PostPosted: Wed Sep 12, 2007 12:36 pm    Post subject: Reply with quote

slaveofchrist,l

Quote:
As I have studied the doctrines of the Trinity and the Atonement I have more and more been convinced that they are in conflict with eachother. One way to express this contradiction is:


Quote:
If Jesus is God then he is immortal
If Jesus did not die then our sins are not paid for


Because the word trinity is not in the Bible I personally do not use the term, I refer to Them as One.

I John 5:7, "For there are three that bear record in heaven, the Father, the Word, and the Holy Ghost: and these three are one."

However to most this is just a play on words.

If you are thinking that because Christ died on the cross he is not immortal then you are mistaken.

Christ came in the flesh to die for sin in the flesh. He is a Spirit and that Spirit did not die, only the flesh died at the cross. He is alpha and omega the beginning and the end. He was, is and always will be.

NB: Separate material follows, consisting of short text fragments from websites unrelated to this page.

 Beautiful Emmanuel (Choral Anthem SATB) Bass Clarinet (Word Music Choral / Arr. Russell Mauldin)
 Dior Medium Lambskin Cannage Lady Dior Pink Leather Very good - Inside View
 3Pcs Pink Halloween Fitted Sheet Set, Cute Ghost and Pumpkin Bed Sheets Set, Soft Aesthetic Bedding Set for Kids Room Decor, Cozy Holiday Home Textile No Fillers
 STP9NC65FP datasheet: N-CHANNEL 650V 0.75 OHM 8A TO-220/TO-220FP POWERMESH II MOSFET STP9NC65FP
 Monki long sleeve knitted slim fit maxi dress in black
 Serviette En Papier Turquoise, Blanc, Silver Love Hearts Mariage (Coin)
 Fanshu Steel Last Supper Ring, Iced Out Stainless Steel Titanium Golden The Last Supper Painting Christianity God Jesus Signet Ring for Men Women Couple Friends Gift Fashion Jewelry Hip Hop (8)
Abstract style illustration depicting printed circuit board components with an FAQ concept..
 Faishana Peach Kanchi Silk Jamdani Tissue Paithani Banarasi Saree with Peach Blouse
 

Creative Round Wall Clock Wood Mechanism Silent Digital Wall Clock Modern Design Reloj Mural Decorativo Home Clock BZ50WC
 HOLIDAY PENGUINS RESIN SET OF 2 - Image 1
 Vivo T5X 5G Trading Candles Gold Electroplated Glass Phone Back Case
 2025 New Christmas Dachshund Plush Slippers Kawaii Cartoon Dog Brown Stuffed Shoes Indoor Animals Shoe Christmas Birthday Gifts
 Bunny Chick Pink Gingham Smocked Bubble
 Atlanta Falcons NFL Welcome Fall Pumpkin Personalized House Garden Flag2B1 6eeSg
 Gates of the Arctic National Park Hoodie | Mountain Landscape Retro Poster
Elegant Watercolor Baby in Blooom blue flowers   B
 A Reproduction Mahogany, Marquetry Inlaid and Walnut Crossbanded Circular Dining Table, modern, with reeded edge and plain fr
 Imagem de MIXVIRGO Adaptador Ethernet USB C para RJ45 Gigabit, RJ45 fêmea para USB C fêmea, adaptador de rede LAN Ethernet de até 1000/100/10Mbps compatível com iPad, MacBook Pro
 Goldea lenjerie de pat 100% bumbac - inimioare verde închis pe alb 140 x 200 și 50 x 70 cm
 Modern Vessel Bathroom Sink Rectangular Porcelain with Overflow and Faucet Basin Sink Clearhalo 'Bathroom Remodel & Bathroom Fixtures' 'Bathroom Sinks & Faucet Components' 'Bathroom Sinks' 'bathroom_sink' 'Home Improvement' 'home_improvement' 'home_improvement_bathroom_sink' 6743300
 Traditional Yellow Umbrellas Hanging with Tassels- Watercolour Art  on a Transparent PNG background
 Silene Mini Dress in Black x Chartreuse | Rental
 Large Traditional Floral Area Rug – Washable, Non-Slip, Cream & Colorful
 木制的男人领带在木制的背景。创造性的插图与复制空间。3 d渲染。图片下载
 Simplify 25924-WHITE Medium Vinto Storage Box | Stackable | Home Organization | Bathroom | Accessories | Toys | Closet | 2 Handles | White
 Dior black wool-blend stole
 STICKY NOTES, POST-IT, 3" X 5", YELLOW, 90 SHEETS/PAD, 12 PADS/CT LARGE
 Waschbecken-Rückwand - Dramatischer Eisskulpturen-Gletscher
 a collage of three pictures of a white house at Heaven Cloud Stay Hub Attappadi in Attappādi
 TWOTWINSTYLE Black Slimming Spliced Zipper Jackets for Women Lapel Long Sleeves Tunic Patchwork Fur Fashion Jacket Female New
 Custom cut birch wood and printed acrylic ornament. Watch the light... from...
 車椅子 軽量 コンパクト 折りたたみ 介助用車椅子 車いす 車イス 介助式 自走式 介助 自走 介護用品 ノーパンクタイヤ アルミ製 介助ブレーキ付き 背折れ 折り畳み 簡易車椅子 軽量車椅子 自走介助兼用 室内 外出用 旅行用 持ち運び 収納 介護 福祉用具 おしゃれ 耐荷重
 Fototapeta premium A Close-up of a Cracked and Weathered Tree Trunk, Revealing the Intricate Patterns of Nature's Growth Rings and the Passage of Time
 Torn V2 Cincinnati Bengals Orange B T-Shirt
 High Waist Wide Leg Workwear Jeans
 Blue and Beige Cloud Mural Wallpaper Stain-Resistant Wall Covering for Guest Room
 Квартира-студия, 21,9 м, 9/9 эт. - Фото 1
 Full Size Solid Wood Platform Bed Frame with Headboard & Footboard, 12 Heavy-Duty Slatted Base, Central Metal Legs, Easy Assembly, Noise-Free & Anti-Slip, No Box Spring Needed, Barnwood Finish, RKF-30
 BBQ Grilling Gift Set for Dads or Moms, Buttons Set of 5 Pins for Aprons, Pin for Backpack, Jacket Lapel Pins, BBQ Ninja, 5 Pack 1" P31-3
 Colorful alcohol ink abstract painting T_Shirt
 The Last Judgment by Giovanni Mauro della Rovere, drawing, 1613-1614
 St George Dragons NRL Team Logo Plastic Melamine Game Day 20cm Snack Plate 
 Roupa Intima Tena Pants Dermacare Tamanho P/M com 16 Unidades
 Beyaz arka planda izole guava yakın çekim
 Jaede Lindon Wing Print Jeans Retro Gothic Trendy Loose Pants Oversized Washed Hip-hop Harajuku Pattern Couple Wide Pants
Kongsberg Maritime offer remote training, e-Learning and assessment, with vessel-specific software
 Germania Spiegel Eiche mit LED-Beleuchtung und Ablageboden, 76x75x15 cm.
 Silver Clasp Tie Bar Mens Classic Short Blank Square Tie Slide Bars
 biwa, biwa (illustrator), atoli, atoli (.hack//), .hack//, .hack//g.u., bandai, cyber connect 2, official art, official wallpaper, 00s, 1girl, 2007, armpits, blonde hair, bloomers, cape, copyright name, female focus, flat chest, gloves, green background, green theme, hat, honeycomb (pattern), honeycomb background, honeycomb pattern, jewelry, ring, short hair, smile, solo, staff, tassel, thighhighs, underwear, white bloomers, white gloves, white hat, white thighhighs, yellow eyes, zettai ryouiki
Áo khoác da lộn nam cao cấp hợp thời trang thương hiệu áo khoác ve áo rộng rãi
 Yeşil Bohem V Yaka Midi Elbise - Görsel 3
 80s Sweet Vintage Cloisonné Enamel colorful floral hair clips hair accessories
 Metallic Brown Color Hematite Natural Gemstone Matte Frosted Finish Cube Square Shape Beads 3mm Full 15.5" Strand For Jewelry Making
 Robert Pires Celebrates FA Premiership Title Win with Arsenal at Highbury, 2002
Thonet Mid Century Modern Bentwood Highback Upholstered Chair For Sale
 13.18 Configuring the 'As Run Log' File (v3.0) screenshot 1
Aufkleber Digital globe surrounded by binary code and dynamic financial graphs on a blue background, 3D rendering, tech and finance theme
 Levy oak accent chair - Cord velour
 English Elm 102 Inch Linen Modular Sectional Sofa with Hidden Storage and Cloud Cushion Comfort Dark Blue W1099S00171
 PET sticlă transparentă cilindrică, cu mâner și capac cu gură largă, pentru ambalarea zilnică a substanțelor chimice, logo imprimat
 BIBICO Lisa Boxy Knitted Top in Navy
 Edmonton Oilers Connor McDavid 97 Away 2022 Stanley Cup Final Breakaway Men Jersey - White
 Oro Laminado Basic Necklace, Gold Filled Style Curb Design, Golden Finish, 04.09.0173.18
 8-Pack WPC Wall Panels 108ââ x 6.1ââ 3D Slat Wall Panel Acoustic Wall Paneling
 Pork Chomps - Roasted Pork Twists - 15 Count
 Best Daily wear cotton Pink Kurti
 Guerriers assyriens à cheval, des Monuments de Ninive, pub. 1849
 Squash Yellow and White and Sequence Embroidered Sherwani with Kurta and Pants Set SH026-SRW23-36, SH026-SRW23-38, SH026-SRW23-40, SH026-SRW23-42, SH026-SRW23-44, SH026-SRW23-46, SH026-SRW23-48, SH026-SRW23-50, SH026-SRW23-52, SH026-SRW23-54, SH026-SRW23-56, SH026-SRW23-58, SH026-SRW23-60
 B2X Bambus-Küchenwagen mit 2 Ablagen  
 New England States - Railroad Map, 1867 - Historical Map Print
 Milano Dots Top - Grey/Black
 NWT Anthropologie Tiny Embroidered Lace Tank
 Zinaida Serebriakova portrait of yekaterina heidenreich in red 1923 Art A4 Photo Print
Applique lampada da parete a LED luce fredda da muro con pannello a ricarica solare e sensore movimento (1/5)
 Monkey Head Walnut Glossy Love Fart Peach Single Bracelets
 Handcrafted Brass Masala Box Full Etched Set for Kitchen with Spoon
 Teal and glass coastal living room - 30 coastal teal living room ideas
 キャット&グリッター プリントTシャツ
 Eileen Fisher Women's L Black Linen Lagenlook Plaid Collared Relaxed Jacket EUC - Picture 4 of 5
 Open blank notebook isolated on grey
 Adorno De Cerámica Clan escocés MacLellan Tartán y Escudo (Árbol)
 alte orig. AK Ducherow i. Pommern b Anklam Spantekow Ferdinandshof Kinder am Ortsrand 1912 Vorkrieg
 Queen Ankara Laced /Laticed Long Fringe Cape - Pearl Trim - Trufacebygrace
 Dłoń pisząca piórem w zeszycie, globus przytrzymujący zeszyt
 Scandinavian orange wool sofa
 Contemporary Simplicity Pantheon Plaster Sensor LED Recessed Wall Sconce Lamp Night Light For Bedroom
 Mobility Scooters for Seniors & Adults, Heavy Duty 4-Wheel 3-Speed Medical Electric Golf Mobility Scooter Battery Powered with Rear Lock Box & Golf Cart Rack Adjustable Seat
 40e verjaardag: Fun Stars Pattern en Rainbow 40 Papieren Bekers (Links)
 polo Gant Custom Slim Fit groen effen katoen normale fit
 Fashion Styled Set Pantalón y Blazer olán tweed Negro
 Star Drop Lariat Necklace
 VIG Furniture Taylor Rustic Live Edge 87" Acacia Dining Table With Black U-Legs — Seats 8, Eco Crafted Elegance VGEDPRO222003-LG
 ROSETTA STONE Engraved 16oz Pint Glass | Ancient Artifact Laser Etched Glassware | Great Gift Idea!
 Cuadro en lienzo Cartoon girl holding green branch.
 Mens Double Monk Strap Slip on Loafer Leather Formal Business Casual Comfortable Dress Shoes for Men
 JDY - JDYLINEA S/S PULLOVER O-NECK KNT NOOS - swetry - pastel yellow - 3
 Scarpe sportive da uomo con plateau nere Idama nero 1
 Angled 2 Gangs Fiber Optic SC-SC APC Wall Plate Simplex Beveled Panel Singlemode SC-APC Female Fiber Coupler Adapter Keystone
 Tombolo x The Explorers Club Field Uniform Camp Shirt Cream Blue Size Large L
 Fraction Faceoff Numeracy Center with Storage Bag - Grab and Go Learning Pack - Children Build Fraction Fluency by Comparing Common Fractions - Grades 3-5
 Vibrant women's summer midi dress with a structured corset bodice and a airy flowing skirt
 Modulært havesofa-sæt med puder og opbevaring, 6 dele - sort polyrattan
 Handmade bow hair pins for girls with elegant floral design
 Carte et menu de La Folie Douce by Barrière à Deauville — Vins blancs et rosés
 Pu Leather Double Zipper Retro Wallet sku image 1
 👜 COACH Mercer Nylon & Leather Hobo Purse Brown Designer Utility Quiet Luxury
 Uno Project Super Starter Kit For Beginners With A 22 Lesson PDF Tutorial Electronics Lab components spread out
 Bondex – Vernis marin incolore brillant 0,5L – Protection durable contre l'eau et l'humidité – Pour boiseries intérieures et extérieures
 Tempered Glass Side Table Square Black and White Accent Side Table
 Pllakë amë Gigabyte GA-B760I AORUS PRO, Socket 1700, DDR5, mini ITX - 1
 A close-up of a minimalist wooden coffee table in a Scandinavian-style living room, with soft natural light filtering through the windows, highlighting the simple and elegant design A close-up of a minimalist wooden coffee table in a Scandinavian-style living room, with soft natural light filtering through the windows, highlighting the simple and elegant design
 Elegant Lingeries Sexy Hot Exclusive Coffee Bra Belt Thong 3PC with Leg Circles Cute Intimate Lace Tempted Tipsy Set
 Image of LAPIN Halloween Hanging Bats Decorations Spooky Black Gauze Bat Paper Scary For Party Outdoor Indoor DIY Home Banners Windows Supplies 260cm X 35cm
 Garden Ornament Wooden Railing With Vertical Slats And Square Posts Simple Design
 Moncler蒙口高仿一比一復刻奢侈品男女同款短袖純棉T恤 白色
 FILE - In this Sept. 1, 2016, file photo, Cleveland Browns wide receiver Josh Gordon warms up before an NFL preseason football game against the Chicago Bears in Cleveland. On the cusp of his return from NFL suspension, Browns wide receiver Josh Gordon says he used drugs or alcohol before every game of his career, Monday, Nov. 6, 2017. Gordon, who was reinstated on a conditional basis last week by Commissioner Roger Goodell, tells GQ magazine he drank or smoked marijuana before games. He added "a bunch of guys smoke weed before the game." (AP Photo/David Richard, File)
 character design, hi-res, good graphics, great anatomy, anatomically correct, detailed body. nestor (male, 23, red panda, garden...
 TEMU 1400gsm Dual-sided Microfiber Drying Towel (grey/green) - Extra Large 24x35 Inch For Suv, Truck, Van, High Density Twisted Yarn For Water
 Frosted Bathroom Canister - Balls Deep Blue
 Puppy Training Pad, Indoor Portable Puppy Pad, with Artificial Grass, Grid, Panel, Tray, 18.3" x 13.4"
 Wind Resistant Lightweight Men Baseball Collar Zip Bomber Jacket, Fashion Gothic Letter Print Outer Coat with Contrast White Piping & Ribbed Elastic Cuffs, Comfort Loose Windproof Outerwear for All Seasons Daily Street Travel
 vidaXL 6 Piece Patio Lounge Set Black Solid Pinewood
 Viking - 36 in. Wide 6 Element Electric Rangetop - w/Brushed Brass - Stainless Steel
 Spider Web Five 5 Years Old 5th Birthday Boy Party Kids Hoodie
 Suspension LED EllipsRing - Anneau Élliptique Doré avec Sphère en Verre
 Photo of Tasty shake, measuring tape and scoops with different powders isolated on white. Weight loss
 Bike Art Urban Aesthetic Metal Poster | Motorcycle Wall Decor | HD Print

II Cor 5:16, "Wherefore henceforth know we no man after the flesh: yea, though we have known Christ after the flesh (at the cross), yet now henceforth know we him no more.

Christ rose from the dead and is seated at the right hand of the Father. Christ raised many from the dead when he was on earth, but they were only to die again. Christ will never die again, his life and his kingdom are eternal.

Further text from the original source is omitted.